I was not familiar with the term "bollard", but I was pretty sure that a bullock was another word for a steer (castrated bull), so I looked both words up. I was right about the bullock, and I found that a bollard is either "1:A post of metal or wood on a wharf around which to fasten mooring lines." or "3: Any of a series of short posts set at intervals to delimit an area (as a traffic island) or to exclude vehicles." Definition 2 just said "BITT 1", which doesn't make any sense to me. The structures I saw in my news app didn't seem to resemble any of that, but they did say that they were being used to replace barriers that have previously been installed to exclude both pedestrian and vehicular traffic. If you have seen any of the border photos that have been recently been published, you might agree with me that those things look like jailhouse bars, but by no stretch of the imagination do they look anything like bullocks.
I don't think the Brits want to get out of the Common Market, they want to get out of the European Union, which subsumed the Common Market a long time ago. Perhaps they want to go back to the old Common Market days, but the EU people won't allow that. Teresa May seems to have negotiated some kind of compromise deal, but I understand that she's having a hard time selling it to Parliament. In the British system, if a Prime Minister can't get Parliament to approve one of their important agendas items, they dissolve Parliament and resign.
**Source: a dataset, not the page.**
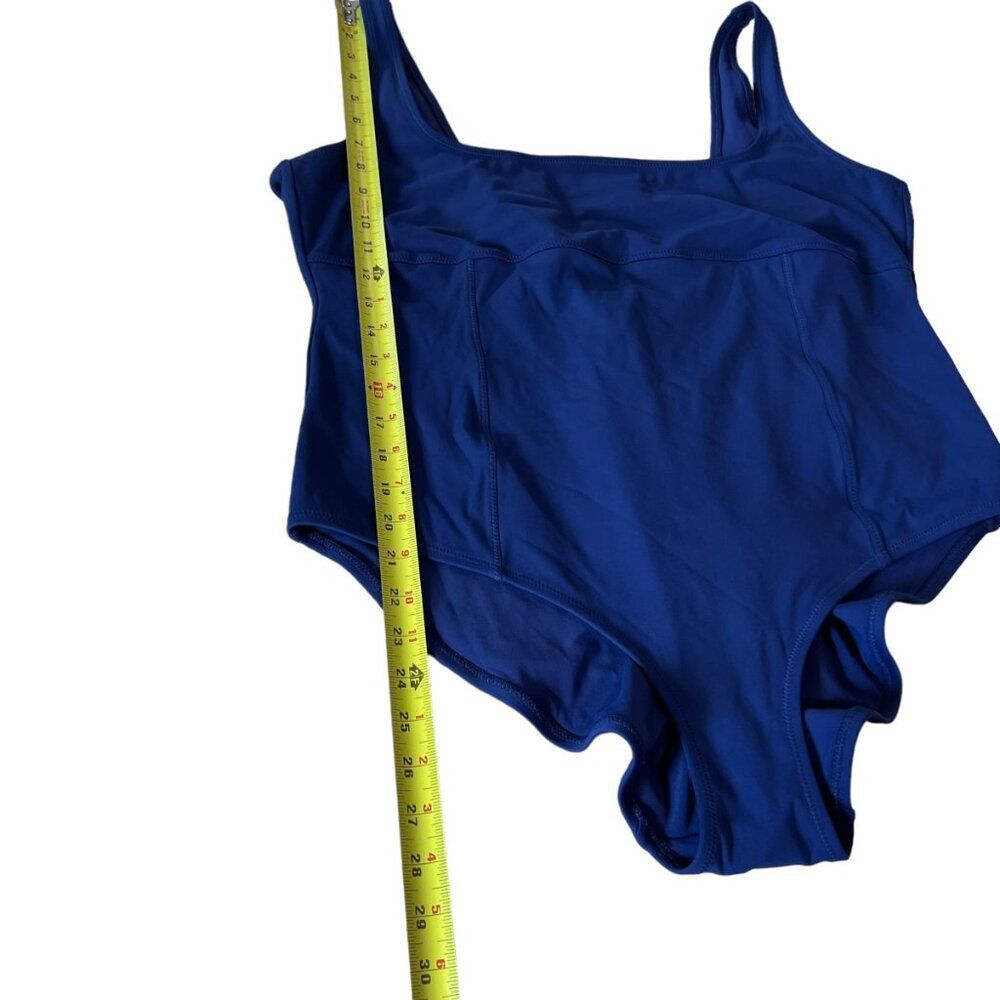 Skims One Piece Bathing Swim Suit Sculpting Women's Size 3X Midnight Blue Beach - Picture 8 of 13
Then a new Parliament is elected, and they appoint a new Prime Minister. If we had something like that here, Trump would be history by now.
For a long time there has been a movement among the Yoopers to secede from Michigan and form a new state, which they intend to call "Superior". I don't know if anybody is serious about it or if it's one of those tongue-in-cheek things, but I think it would make more sense for the UP and the Northern LP to join together and kick the Southern LP out of Michigan. Either move would be illegal under the US Constitution, but there would be nothing to prevent it if the federal government went out of business. Another way we could shut them down is by calling a constitutional convention, but it would take 2/3 of the state legislatures to do that, and 3/4 of them to ratify anything the convention comes up with. If we could get that many people in this country to agree on anything we wouldn't need to shut down the feds.
Which brings us to the alleged efforts of the Russians to destabilize the Western democracies. Well, the US seems to be pretty unstable right now, and it's mostly being caused by the shenanigans of the federal government. Shutting it down for real might make us more stable not less. If not, we could always call a constitutional convention and start all over again.